Paper ID: | 2131 |
---|---|

Title: | Learning Deep Structured Multi-Scale Features using Attention-Gated CRFs for Contour Prediction |

This paper presents an interesting approach for structured prediction by introducing gated attention model in learning and fusing the multi-scale features for image labeling. The method was specifically illustrated on edge/boundary detection and promising results have been demonstrated.
Using both gating function and attention models have been very popular lately but this paper tackles the multi-scale learning and fusion problem from a new angle. The proposed algorithm is well motivated and a reasonable formulation within fully convolutional neural networks. Promising results on various edge detection benchmarks have been shown. However, it will be more convincing if the generic task of image labeling such as PASCAL and COCO can be shown.
This is an interesting paper with a good idea and promising results. It will be more convincing to see how it is applied to the generic image labeling task.
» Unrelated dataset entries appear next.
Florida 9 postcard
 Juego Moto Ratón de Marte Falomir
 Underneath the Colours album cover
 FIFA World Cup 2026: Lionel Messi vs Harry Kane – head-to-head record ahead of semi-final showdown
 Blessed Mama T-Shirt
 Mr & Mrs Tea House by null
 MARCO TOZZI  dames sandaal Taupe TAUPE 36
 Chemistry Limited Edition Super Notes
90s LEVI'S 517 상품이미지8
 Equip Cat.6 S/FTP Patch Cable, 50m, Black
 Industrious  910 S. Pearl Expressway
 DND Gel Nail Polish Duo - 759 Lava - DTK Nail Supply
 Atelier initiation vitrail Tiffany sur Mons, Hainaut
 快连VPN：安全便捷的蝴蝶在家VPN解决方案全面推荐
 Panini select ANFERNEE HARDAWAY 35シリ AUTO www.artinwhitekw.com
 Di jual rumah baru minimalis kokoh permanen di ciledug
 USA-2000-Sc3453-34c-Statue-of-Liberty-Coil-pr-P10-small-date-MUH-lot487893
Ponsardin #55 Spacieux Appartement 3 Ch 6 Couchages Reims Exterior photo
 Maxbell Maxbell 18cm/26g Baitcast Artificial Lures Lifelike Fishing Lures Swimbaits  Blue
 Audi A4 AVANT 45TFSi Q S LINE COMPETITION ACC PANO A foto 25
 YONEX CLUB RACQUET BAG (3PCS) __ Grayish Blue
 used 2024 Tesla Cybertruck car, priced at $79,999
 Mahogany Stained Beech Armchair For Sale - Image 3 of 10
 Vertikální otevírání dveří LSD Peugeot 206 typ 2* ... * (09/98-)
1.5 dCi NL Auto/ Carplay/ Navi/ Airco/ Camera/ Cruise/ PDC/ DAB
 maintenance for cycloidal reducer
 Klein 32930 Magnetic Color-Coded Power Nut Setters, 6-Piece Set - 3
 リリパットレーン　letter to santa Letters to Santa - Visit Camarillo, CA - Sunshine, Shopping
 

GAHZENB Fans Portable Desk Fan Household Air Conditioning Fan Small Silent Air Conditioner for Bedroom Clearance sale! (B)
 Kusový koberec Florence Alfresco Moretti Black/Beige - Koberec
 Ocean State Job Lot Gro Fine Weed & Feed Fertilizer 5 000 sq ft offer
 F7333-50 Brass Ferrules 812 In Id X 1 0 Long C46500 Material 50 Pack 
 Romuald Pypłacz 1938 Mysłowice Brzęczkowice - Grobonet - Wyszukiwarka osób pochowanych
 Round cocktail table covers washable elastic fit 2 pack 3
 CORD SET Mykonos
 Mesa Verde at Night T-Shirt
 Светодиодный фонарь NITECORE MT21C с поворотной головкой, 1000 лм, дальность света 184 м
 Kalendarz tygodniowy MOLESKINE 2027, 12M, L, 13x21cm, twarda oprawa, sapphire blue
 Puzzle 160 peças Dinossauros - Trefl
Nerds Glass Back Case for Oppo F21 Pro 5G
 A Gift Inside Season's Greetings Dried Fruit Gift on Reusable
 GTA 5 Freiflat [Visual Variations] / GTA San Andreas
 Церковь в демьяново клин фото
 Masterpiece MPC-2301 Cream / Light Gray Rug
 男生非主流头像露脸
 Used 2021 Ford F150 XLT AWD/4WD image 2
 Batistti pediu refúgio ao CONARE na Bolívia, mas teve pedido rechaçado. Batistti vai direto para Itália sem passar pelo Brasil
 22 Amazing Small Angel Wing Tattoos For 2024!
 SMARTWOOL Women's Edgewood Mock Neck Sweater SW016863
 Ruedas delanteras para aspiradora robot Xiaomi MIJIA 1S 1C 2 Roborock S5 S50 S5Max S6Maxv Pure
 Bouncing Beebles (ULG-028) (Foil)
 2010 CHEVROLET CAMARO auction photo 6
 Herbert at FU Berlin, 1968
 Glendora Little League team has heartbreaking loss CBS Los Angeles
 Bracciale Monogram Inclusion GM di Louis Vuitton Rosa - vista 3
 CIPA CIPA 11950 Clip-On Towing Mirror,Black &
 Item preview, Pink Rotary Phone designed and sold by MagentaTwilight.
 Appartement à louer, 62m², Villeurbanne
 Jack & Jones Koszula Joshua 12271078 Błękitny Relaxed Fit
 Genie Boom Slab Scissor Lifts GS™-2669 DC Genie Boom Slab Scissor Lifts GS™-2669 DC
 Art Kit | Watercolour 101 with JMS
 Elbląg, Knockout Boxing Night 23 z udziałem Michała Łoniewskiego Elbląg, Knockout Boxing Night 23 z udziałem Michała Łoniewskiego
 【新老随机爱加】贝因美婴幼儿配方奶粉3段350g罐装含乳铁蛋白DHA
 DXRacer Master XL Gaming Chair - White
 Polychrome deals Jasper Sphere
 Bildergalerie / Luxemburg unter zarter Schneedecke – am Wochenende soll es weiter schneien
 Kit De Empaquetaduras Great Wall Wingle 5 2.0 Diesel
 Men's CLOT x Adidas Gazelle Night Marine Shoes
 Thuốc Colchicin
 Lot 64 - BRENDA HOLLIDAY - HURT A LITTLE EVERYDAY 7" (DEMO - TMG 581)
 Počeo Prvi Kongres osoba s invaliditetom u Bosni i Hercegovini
The main contribution of this paper is adding gates to a probabilistic graphical model to control message passing. Application wise, the author claims they're the first paper adding attention to contour detection.
In terms of the contribution, as far as I know, there're already previous works on adding gates, or attention into probabilistic graphical model in a variety of ways. I just listed a few here:
[1] How to generate realistic images using gated MRF’s
[2] Modeling Natural Images Using Gated MRFs
[3] Semantic Object Parsing with Graph LSTM
[4] Structure Inference Machines: Recurrent Neural Networks for Analyzing Relations in Group Activity Recognition
[5] Gated Graph Sequence Neural Networks
[6] Interpretable Structure-Evolving LSTM
The author did a good rebuttal. I agree that this paper provided a new type of feature CRF with mathematically grounded attention. Although the model has quite a overlap with previous works, it still provides some new ideas. The experimental results also show corresponding improvement. Authors should express the model and figure in a more clear way though (e.g. the chain graph). The hidden variable "h", label "y" should all be in the formulation.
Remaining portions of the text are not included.